» WORK INSTRUCTIONS:
Your reply should reproduce each line below exactly and carry none of the pictures.

» RECORDS FOR THE EXERCISE:
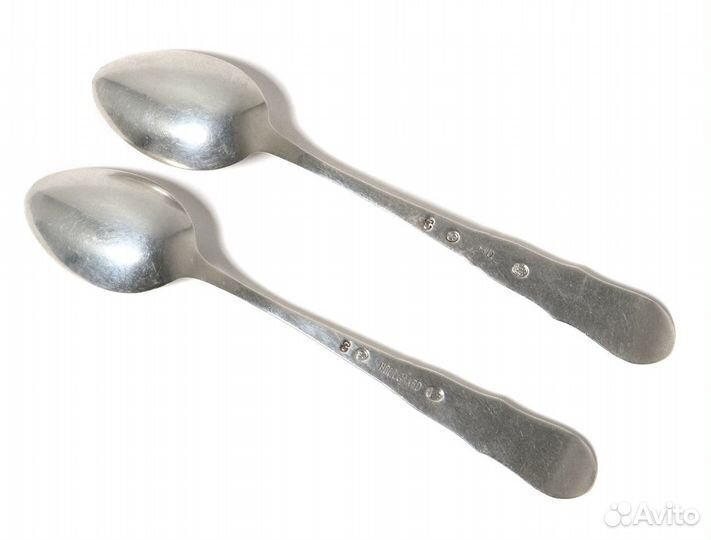 Серебряные чайные ложки, 2 шт. Дания, 1929 год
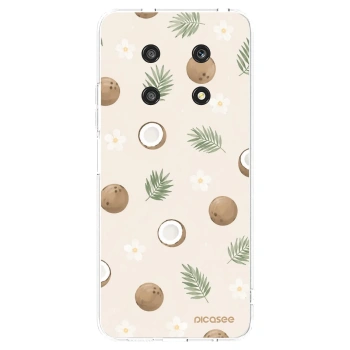 Picasee husă transparentă din silicon pentru Honor Magic4 Lite 5G - Coconut Breeze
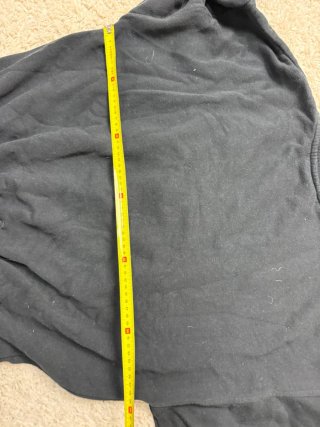 Talla L Sudadera Reebok Vintage Negra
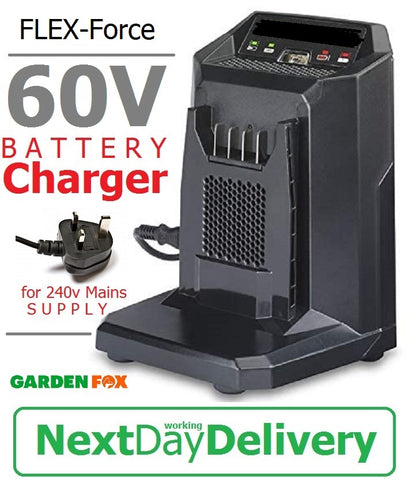 new £55.97 - HAYTER TORO FLEXFORCE 60V Cordless BATTERY CHARGER 86902 ( ex 120A )9310317869025 **** PAYPAL payments ONLY online **** for ALL CARD PAYMENTS call our sales line free on 0800 731 7008 to pay via VISA MASTERCARD AMEX  ****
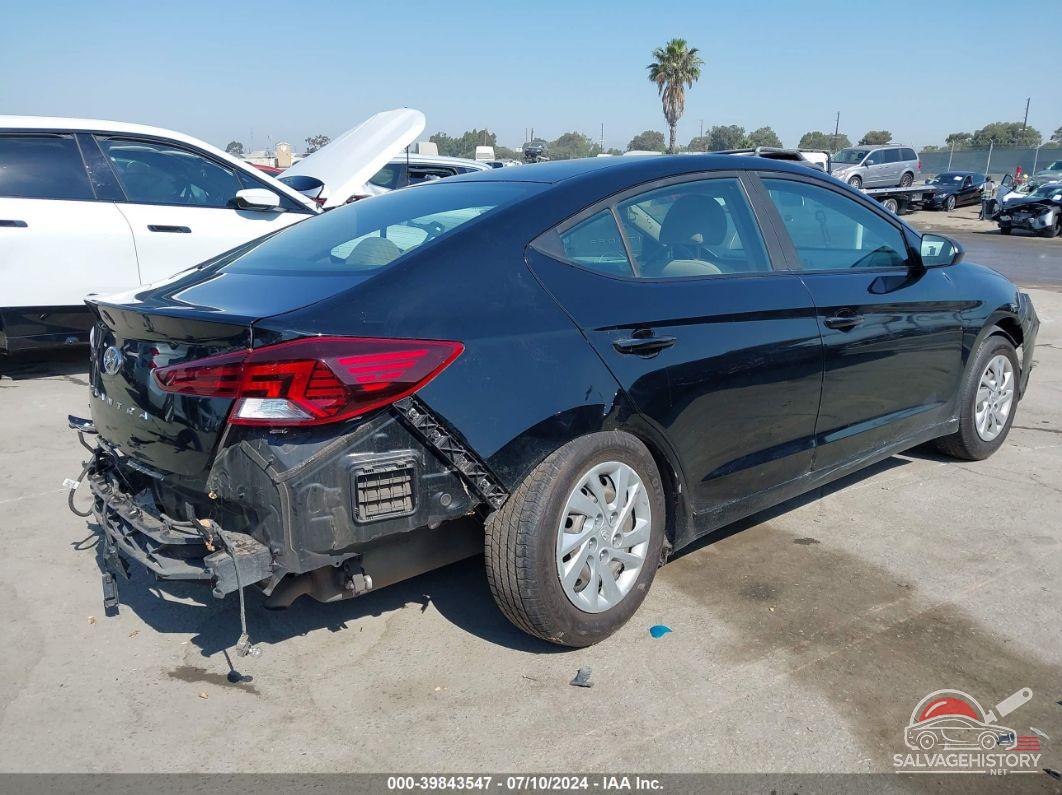 KMHD74LF6KU861484 2019 HYUNDAI ELANTRA photo no. 4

» OUTPUT OF THE TASK:
 Серебряные чайные ложки, 2 шт. Дания, 1929 год
 Picasee husă transparentă din silicon pentru Honor Magic4 Lite 5G - Coconut Breeze
 Talla L Sudadera Reebok Vintage Negra
 new £55.97 - HAYTER TORO FLEXFORCE 60V Cordless BATTERY CHARGER 86902 ( ex 120A )9310317869025 **** PAYPAL payments ONLY online **** for ALL CARD PAYMENTS call our sales line free on 0800 731 7008 to pay via VISA MASTERCARD AMEX  ****
 KMHD74LF6KU861484 2019 HYUNDAI ELANTRA photo no. 4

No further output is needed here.